Pushing ROBLOX Place Data Faster Than Ever Before

Have you noticed that you’ve been jumping into ROBLOX games quicker? That’s because our networking team has been hard at work exploring ways to make our network more stable, secure, and most importantly, fast. After a ton of experimenting, we’re pleased to report that our network is the fastest it’s ever been–our data is faster and its footprint is smaller, and we’re continuing to make tweaks and enhancements. We tapped ROBLOX Software Engineer Yunpeng Zhu to tell us how we got there.

ROBLOX has sped up dramatically thanks to a couple of changes we’ve made in our networking infrastructure. A few of these changes were very simple, while some of them became extremely complex–it’s difficult to gauge how much faster ROBLOX is running because it’s not entirely dependent on networking, but the hardware users are playing on.

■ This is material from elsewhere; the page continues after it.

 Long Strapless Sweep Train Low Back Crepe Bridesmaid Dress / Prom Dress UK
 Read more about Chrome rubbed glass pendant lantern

In order to speed up our network data, we kept asking ourselves, “how can we push everything out from the server as fast as possible without degrading performance?” Caching and Compressing are the easy answers, but we’ll get to that.

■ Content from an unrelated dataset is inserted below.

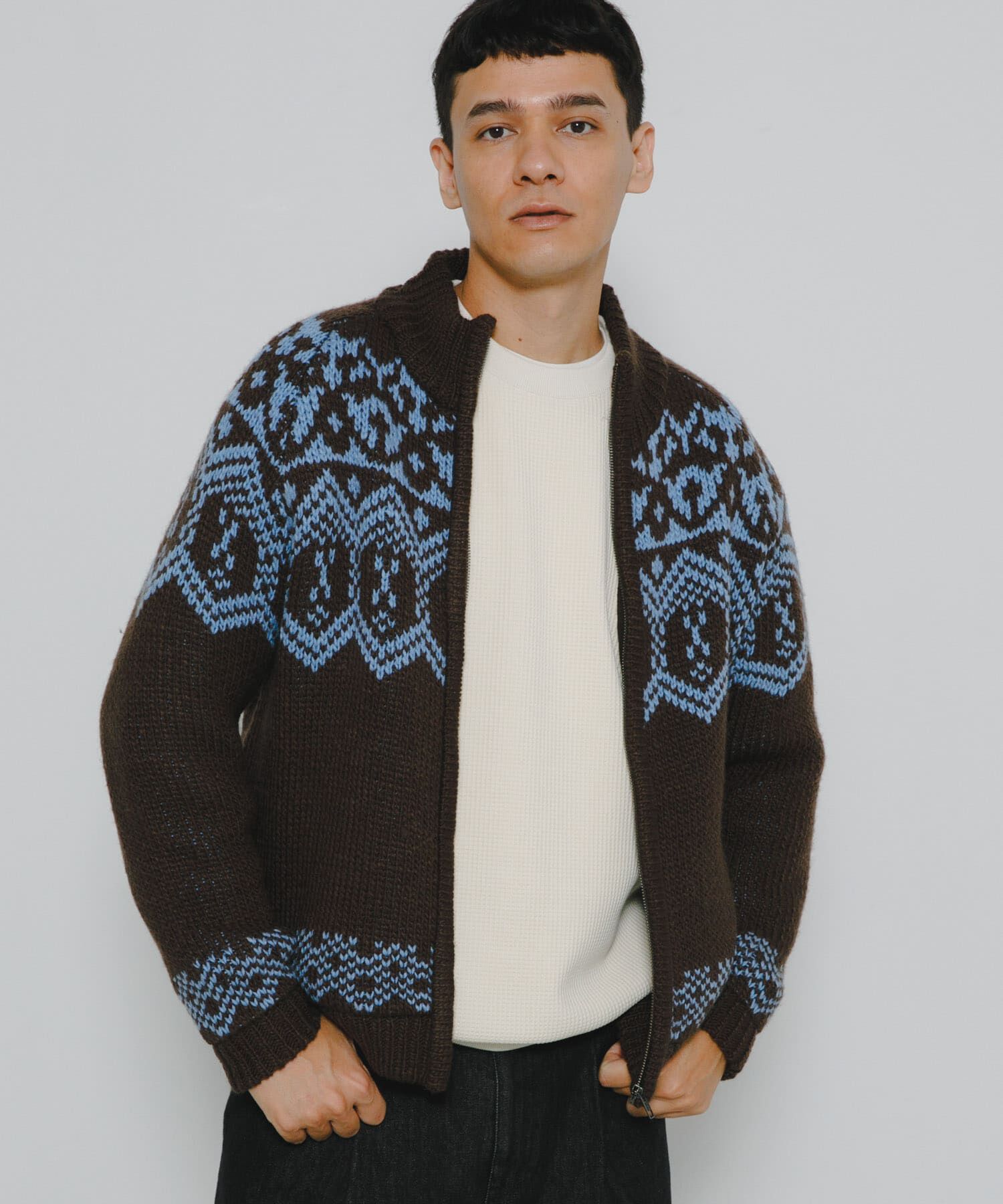 Sonny Label 「ジャガードジップアップニット」|ニット・セーター|ブラウン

When a player joins a game, our servers have to transfer the current state of the place to the new joining player. The server collects all the parts of the place (scripts, services, objects, etc.) and translates that information into a “bit stream” of data ready to be fired out across the internet.

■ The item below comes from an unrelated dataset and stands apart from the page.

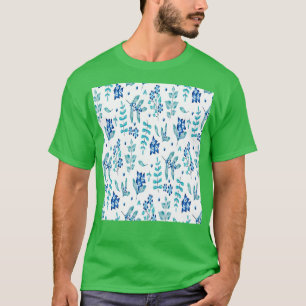 Watercolor Pattern Blue Flowers Floral T-Shirt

We’re always working to push out more data at a faster speed from our server to our clients. The more bit stream data (network representation of objects in a game) we can cache, the less we’ll have to recreate for each newly joined player. A big development was the idea of only having to load network representation of data (like a place in ROBLOX) just once, as opposed to having to recreate bit streams every time a new player enters the game. Now, the second another player enters a game, we can re-feed the already created bit stream back to that player. Our new method of compression will allow us to do this.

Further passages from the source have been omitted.